#### What you will do
Write out, word for word, only the lines from the one containing "30 Pcs Pet Glove" through the final line of the data.

#### Supplied information
------

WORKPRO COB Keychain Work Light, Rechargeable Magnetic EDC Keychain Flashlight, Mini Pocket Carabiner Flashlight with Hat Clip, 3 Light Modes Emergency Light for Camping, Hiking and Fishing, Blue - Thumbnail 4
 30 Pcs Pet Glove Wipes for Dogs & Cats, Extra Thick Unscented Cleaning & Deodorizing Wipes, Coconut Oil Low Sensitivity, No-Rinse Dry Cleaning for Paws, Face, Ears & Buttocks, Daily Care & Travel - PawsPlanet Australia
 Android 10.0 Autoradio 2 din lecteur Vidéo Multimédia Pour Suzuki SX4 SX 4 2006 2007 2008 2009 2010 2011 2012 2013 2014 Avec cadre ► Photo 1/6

------

#### Answer space
 30 Pcs Pet Glove Wipes for Dogs & Cats, Extra Thick Unscented Cleaning & Deodorizing Wipes, Coconut Oil Low Sensitivity, No-Rinse Dry Cleaning for Paws, Face, Ears & Buttocks, Daily Care & Travel - PawsPlanet Australia
 Android 10.0 Autoradio 2 din lecteur Vidéo Multimédia Pour Suzuki SX4 SX 4 2006 2007 2008 2009 2010 2011 2012 2013 2014 Avec cadre ► Photo 1/6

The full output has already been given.